Property investment expert Tim Graham of Reventon – guest presenter on the 9 June webinar hosted by Hotspotting – says the one thing all investors should do is diversify by buying properties in different locations.
“Think about it like your superannuation,” he says. “If you’re in a typical balanced industry fund, it’s not all invested in one stock.
“You should think about your property investments much the same way. You might have a property in Victoria performing at 5% one year and a property in New South Wales performing at 8% – and you’ll have an average return of 6% or 6.5%.
“It means that if you’ve got properties in multiple locations across a ten-year period, you’re going to have a much safer portfolio.”
Graham says investors commonly ask where is the perfect location to buy, but the answer depends on the individual. Six people may ask that question and there can be six different answers.
And it’s important to choose location well. Although many markets across Australia are currently booming, investors mistakenly believe they can buy anywhere and it will perform well for them.
The first thing investors need to work out is what they can afford and then start looking at areas that suit that budget and have the potential for sustainable growth.
“Essentially they’re looking for a location that hasn’t peaked yet on the property clock,” he says. “Which markets look like they’re about to take off?
“My job as a buyers’ advocate is to try to find value and, right now, I’ve got to say that’s very, very hard, especially in the established markets.
“I can look at a property and work out what I think it is worth and tell that to the client – and then, a week later, somebody else is paying $30,000 to $40,000 more for it.”
Graham says anyone can pay a premium to secure an investment property but it is more important to find value, which in the current market can be a slower process.
“I’d rather get investors the right property, than jump into something for the sake of getting the deal done tonight.”
He says locations which are worth considering for investment at the moment include Springfield, about 40km south-west of Brisbane in the City of Ipswich. The master-planned community has substantial amenity, a train station connecting to central Brisbane and affordable properties for less than $600,000.
Also worth considering are nearby suburbs such as Ripley or Greenbank, where it was possible to find good properties for less than $500,000.

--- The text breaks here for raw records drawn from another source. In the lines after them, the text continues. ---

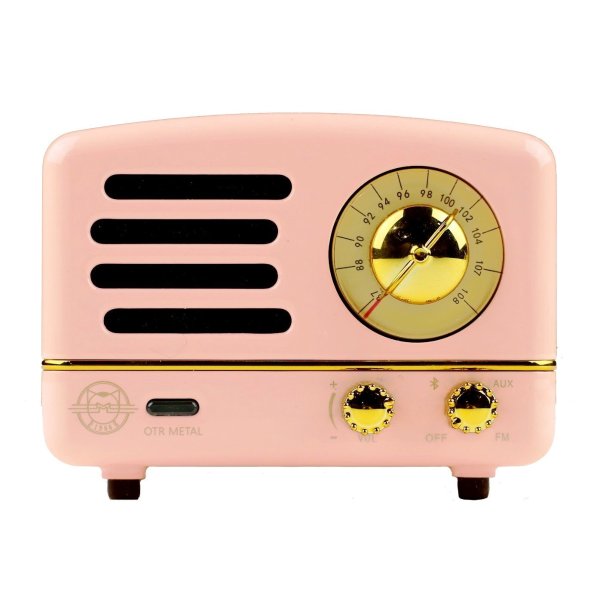 粉色收音机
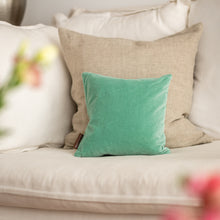 Load image into Gallery viewer, Mini Cushion Mint Green
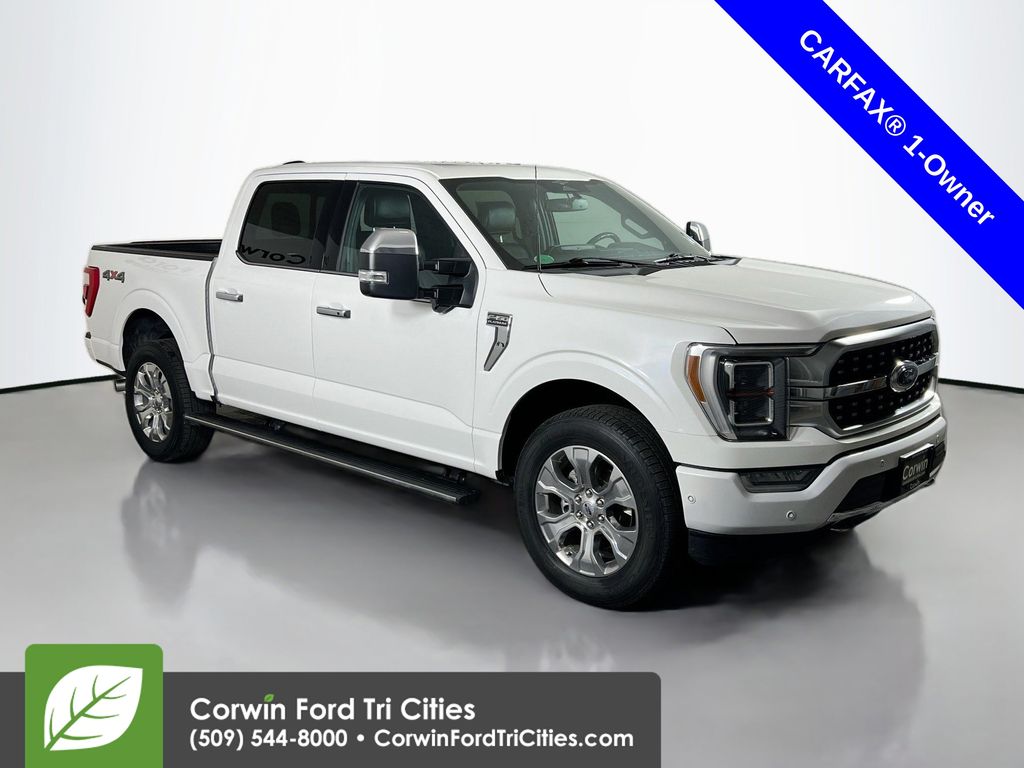 2023 Ford F-150 Platinum SuperCrew 4WD
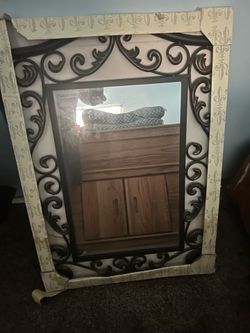 2  new mirrors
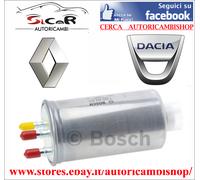 Bosch N2075 - Filtro Diesel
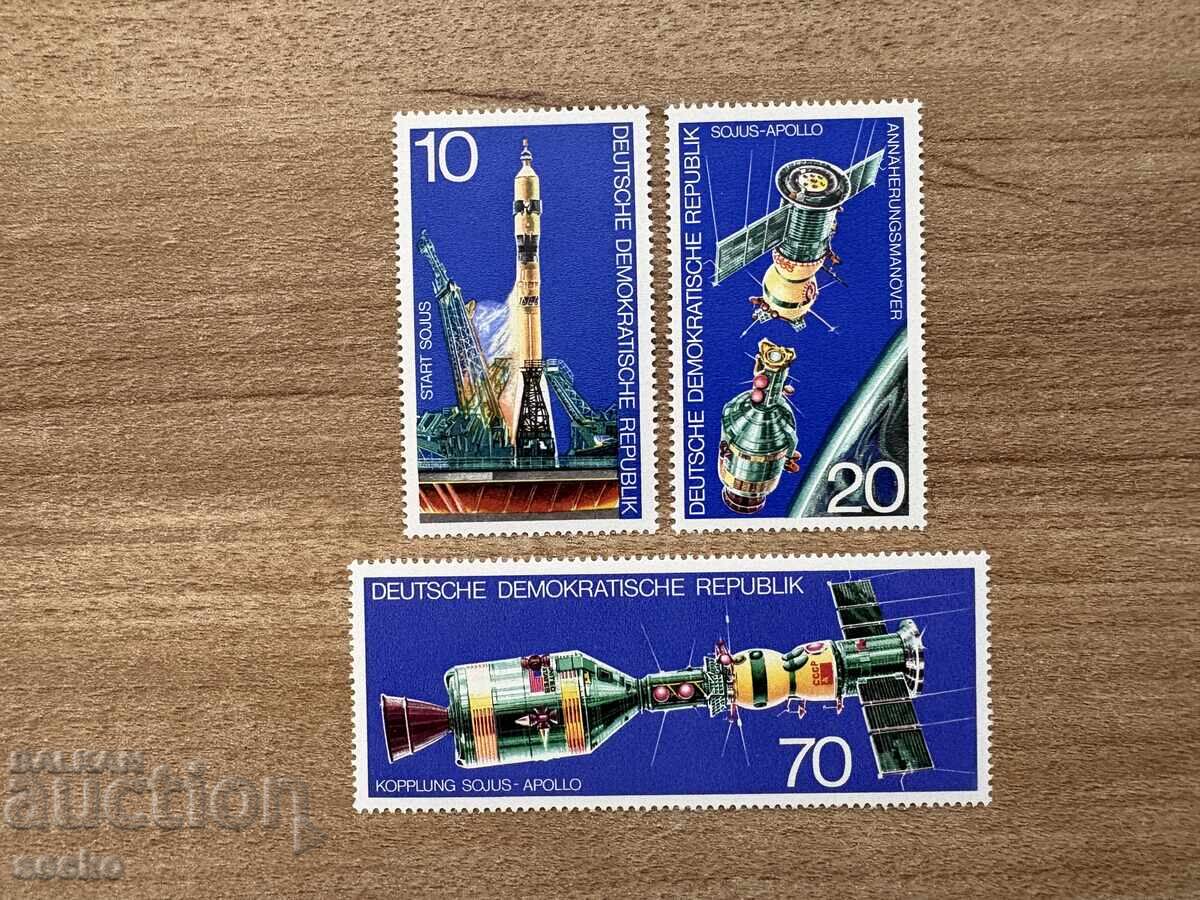 RDG - Cooperare spațială americano-sovietică (1975) MNH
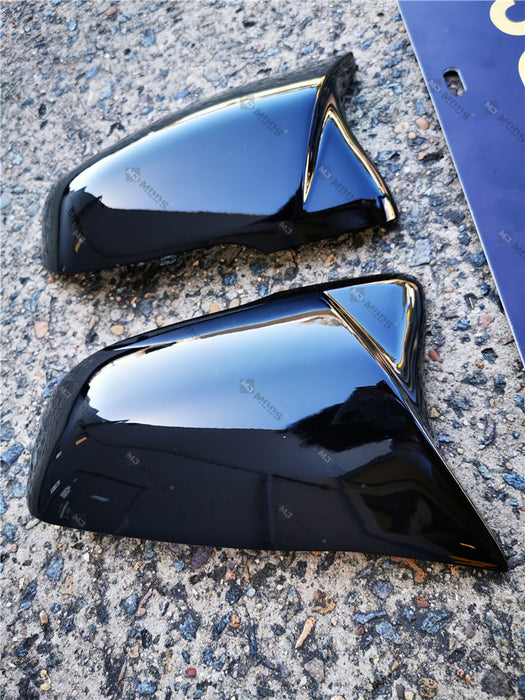 ABS Glossy Black Mirror Cover For BMW F40 F44 F46 F48 1 M135i 2 Series Gran Coupe X1 (6546679234634)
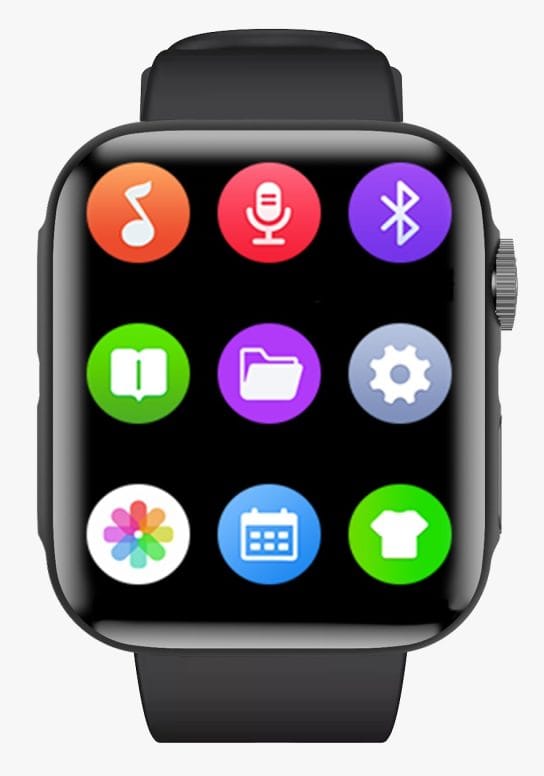 Samvix SmartTime Watch 64GB MP3 Player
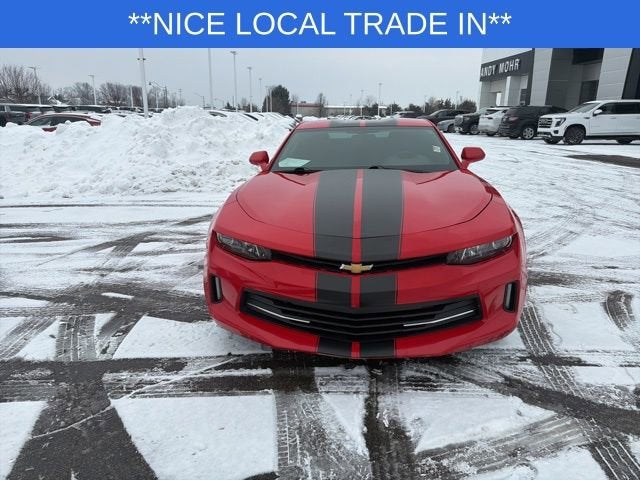2016 Chevrolet Camaro 1LT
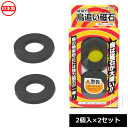 山野 鳥追い磁石 超強力 2個入×2セット 日本製 ~R~(4)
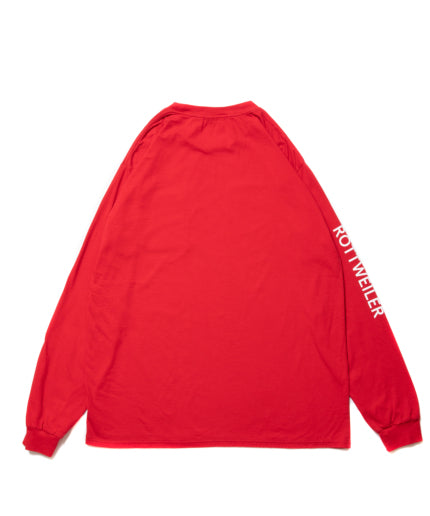 ROTTWEILER ロットワイラー P.SLEEVE LS TEE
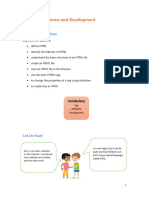 R G6 - Unit 3 - Programme and Development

Graham says Toowoomba in Queensland is also a region worth considering for investment, as he believes it has the same potential as Ballarat, as it has a similar population, great infrastructure projects under way and a modern airport.
There is still value in parts of Geelong and Ballarat although it is a little difficult for investors who are seeking new builds.
Investors looking to purchase new may have a long wait as most builders are extremely busy trying to meet HomeBuilder contracts and many are struggling to obtain materials.
“Even if you can get the land, trying to find a builder is next to impossible,” he says.
Previously the Sunshine Coast would have been on Graham’s radar as a good investment location, but he says significant increases in demand and prices have made it much harder to find value there, especially for investors.
Graham says he typically seeks properties with a rental yield of about 6%.
“As a general rule of thumb, you’re going to find that higher yield in the smaller capital cities and in good regional centres.”
Adelaide is providing good rental yields relative to the bigger cities and regional markets like Ballarat and Bendigo are still performing well.